(Pictures with short captions)
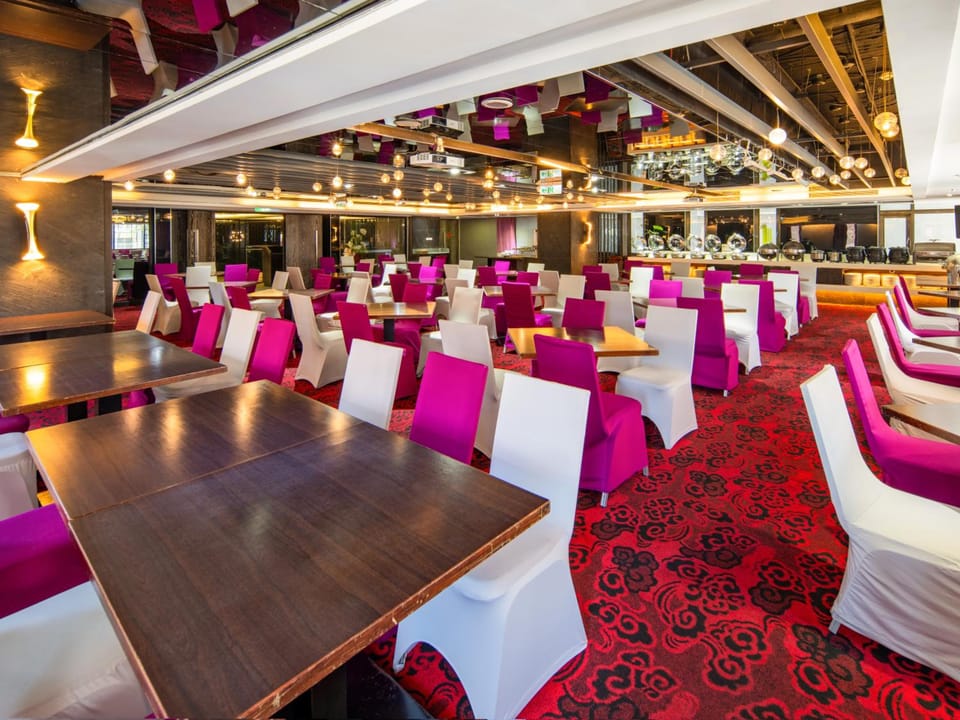 CHECK inn SELECT Hualien LinSen Hotel in Taiwan, Province of China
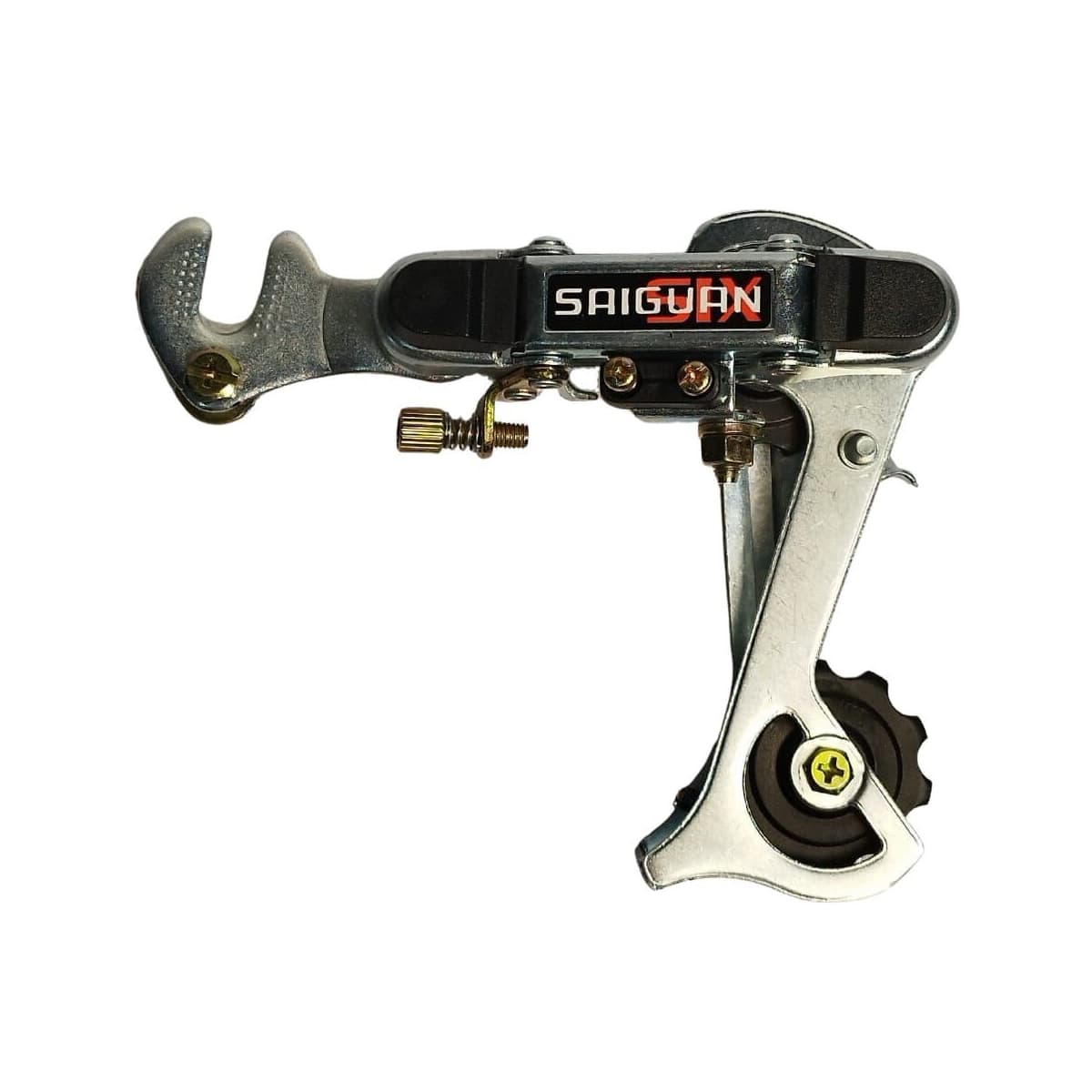 Cambio Traseiro Saiguan HG-04 7 Velocidades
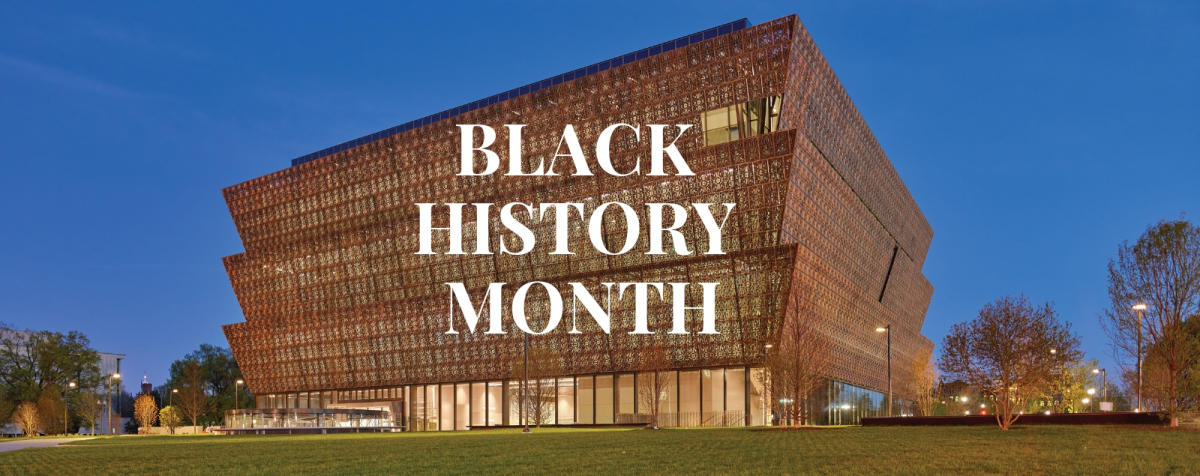 Town of Fairfax recognizes Black History Month - Town of Fairfax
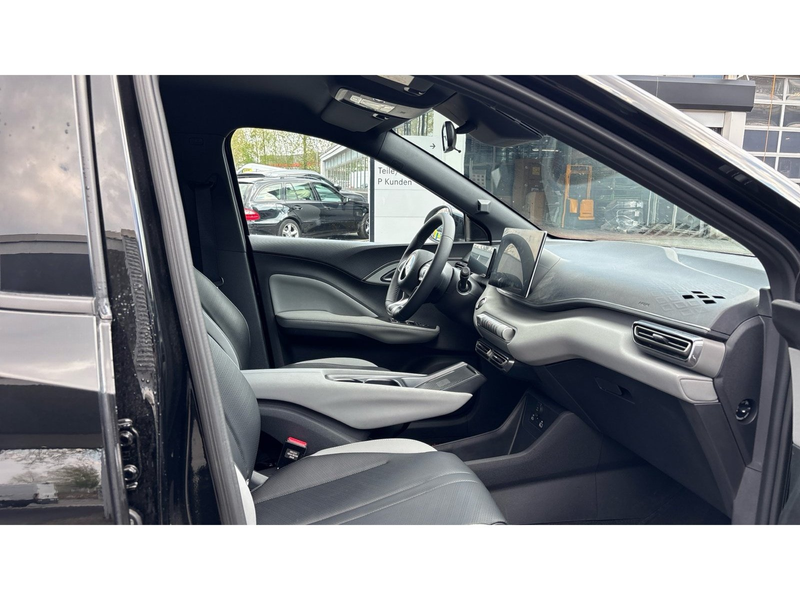BYD Dolphin Surf Comfort Leder ACC LED Carplay 360°K — photo 12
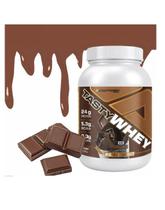 Tasty whey 900 g - adaptogen (rich chocolate) Tasty whey 900 g - adaptogen (rich chocolate)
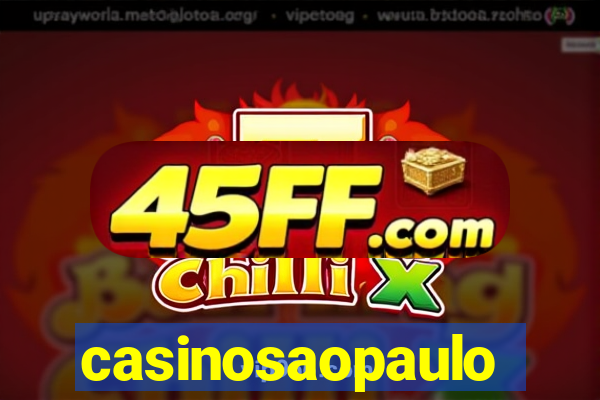 casinosaopaulo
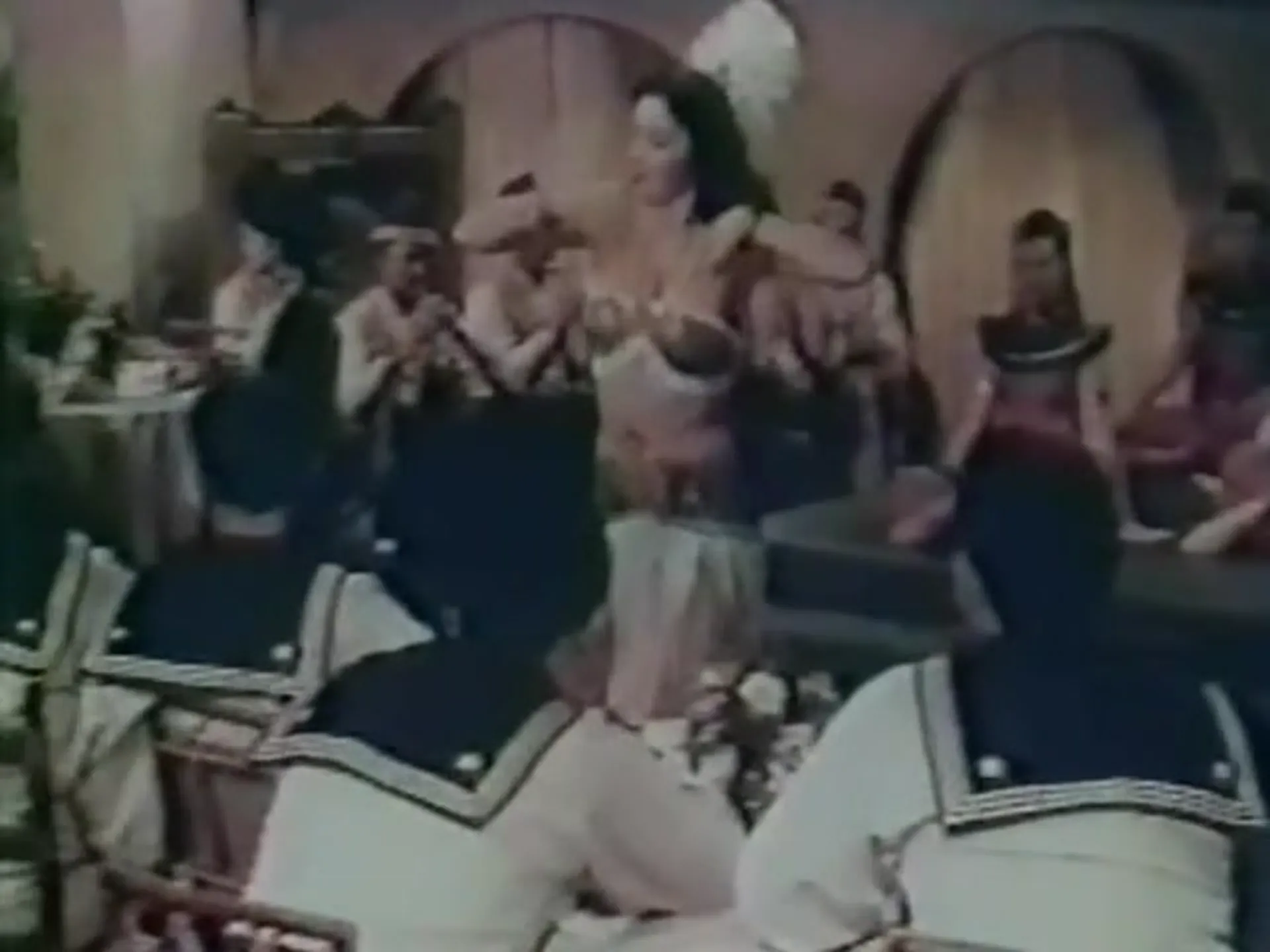 Little Egypt scene still 8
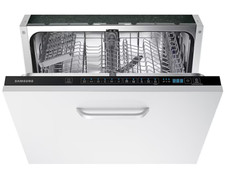 Samsung DW60M6040BB Integrated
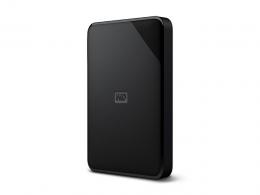Elements SE Portable 2TB【販売終了】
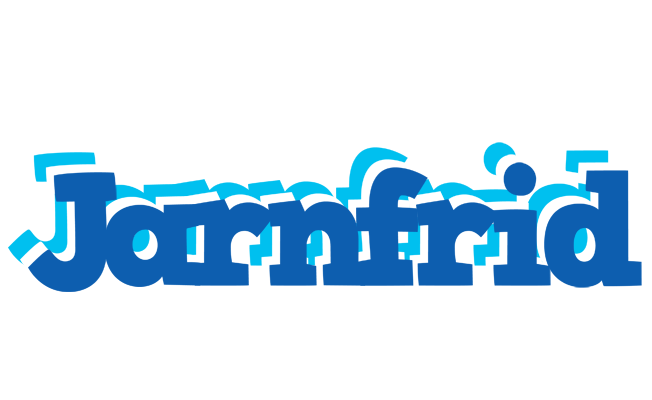 Jarnfrid business logo
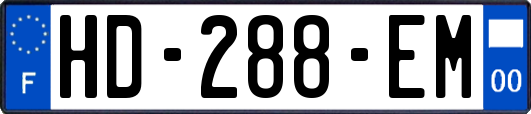 HD-288-EM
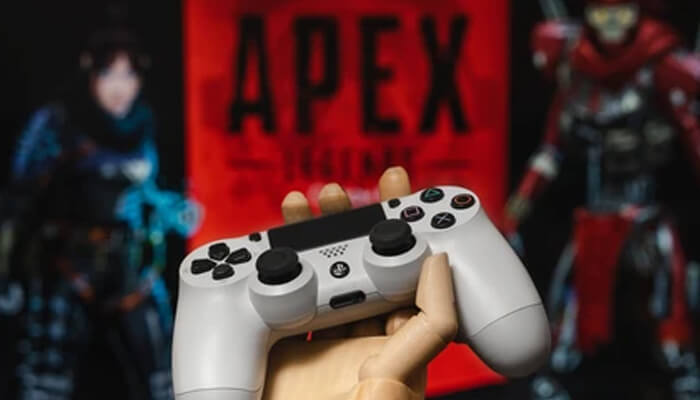 Teamwork Teamwork apex legends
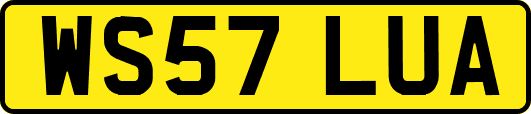 WS57LUA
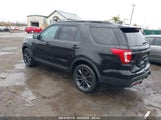 FORD EXPLORER XLT 1FM5K8D87HGE08931 fotografie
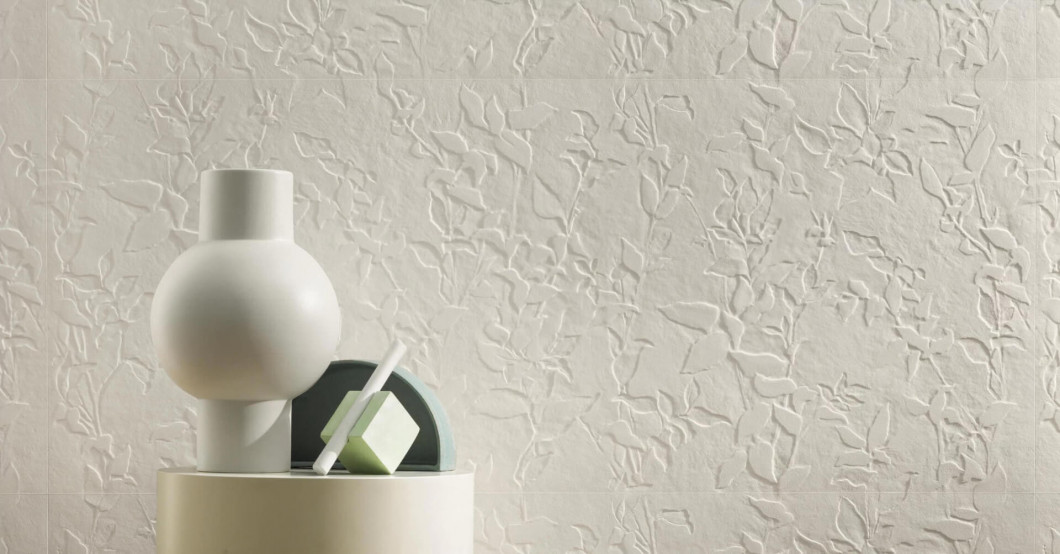 3D Wall Plaster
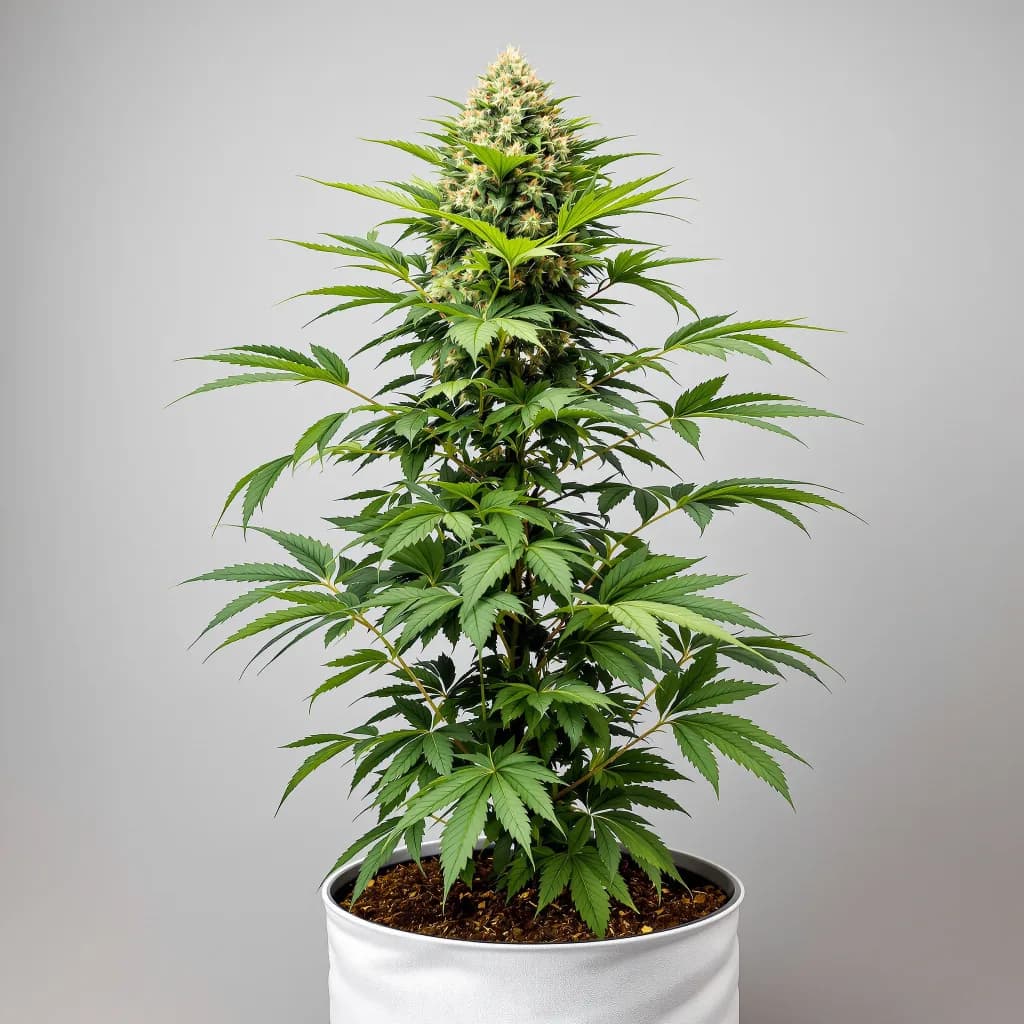 Liquid Butter cannabis seeds packaging — Royal King Seeds the UK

**EXERCISE REQUIREMENTS:** Pictures excluded, output exactly the line that contains "3D Wall Plaster" and every line after it to the end of the data above.

**ANSWER:**
 3D Wall Plaster
 Liquid Butter cannabis seeds packaging — Royal King Seeds the UK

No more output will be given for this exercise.